EXERCISE OBJECTIVE: Reproduce the data below verbatim from the line containing "Held fast by" through its final line, and produce nothing more.

INFORMATION PROVIDED:
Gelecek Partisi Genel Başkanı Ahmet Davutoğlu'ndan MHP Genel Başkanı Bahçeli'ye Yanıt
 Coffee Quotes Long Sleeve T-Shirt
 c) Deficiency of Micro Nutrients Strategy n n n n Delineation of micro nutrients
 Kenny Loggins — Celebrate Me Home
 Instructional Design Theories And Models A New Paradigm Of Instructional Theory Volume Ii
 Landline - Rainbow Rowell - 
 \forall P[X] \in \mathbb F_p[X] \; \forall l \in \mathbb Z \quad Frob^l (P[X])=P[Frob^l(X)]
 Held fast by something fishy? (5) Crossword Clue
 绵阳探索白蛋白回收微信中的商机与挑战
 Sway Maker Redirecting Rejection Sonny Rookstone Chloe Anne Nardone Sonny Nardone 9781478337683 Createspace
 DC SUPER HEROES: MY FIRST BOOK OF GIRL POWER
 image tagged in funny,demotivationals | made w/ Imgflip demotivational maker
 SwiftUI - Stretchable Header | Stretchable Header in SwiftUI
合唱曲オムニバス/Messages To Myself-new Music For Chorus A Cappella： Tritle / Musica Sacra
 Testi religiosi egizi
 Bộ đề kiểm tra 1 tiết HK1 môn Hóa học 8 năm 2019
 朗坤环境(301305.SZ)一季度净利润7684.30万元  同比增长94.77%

TASK RESPONSE:
 Held fast by something fishy? (5) Crossword Clue
 绵阳探索白蛋白回收微信中的商机与挑战
 Sway Maker Redirecting Rejection Sonny Rookstone Chloe Anne Nardone Sonny Nardone 9781478337683 Createspace
 DC SUPER HEROES: MY FIRST BOOK OF GIRL POWER
 image tagged in funny,demotivationals | made w/ Imgflip demotivational maker
 SwiftUI - Stretchable Header | Stretchable Header in SwiftUI
合唱曲オムニバス/Messages To Myself-new Music For Chorus A Cappella： Tritle / Musica Sacra
 Testi religiosi egizi
 Bộ đề kiểm tra 1 tiết HK1 môn Hóa học 8 năm 2019
 朗坤环境(301305.SZ)一季度净利润7684.30万元  同比增长94.77%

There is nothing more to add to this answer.